Over a 30-year period, the spring months average over nine inches of rain. Last year, the driest spring on record, only published 2.52 inches of rain. We have already surpassed the 30-year average this spring. That was due to a massive April rain total, the wettest on record.

That doesn’t mean we are working with house money this May for Oregon.

Yes, northwest Oregon is fairing well. The rest of the state, however, is still hunting for more water. It won’t do us any harm to bring in more rain here locally, too. Of course, we’d prefer that to be in moderation without dangerous flooding or landslides.

We are just four days into May and we have a splash of rain in the gauge, per the Portland International Airport. There have been plenty of showers and much higher totals around Portland this month. We had a stretch of heavy storms that dumped rain on the southern I-205 corridor just the other day. Some have already picked up over an inch of rain. With that, we are primed for more.

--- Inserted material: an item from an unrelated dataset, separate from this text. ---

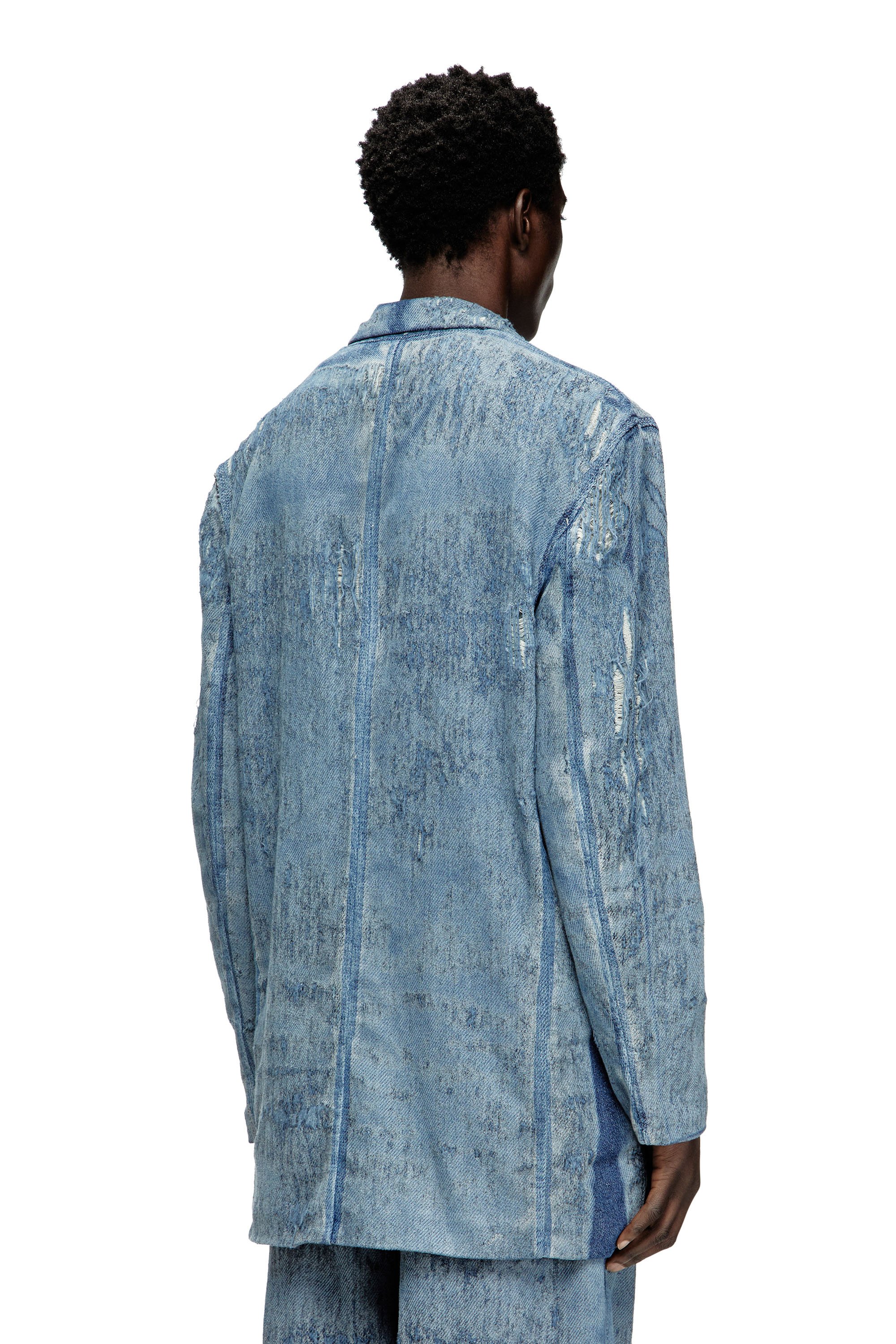 Diesel - D-PEKKA-FSG2, Unisex's Blazer in ultra-destroyed jacquard denim in Light Blue - 4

Where will that May total wrap up by this time next week? There is a good chance it is somewhere closer to the May average for the month.

A steady stream of moisture will arrive Thursday morning. This will impact just about everyone for the morning.

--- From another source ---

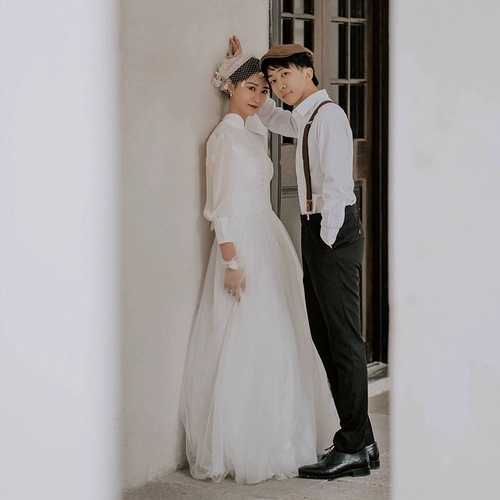 Свадебное платье, ретро белая юбка, французский стиль, кружевное платье, в стиле «Мори», яркий броский стиль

A southwest wind will keep us wet from the coast to central Oregon. This usually prevents a significant rain shadow for the valley. Notice the surge of moisture that is expected to reach locations like Madras and areas of Wasco county. This first system should help out some of the more deprived areas of Oregon too.

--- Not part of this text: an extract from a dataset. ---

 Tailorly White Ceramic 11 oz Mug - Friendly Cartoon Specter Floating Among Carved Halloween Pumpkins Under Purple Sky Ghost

The steady rain may turn more to showers, but they will have the potential to be heavy at times. There are signs of more scattered showers on Friday than Thursday. You can cycle through the graphic slideshow below to get a visual of the incoming system.

In the short-term, Thursday may drop up to a half-inch of rain across the Willamette Valley. There may be some isolated locations that end up pulling in over half an inch of rain.

What is encouraging are those rain totals over on the other side of the mountain. Thursday is only day No. 1 of the extended stretch of wet weather that we will endure here in the coming days.

With so many microclimates and nooks and crannies here in Oregon, those rain totals can vary significantly. What is most important, is that the water is expected to spread across most, if not all of the state.

We have more in line, which shouldn’t be overlooked. Each day has the possibility to impact the commute both in the morning and afternoon.

However, it will be Saturday and Sunday that hold the threat of thunderstorms. That means isolated downpours and fits of small hail. If this holds true, it will probably end up being the most active slice of May. It likely will be enough for the northern Willamette Valley and the coast, the same locations that are already a step outside of drought conditions.

For the rest of the state, this stretch of rain will not be enough. It would be way more beneficial to keep the rain coming, while also factoring in a gloomy and wet June.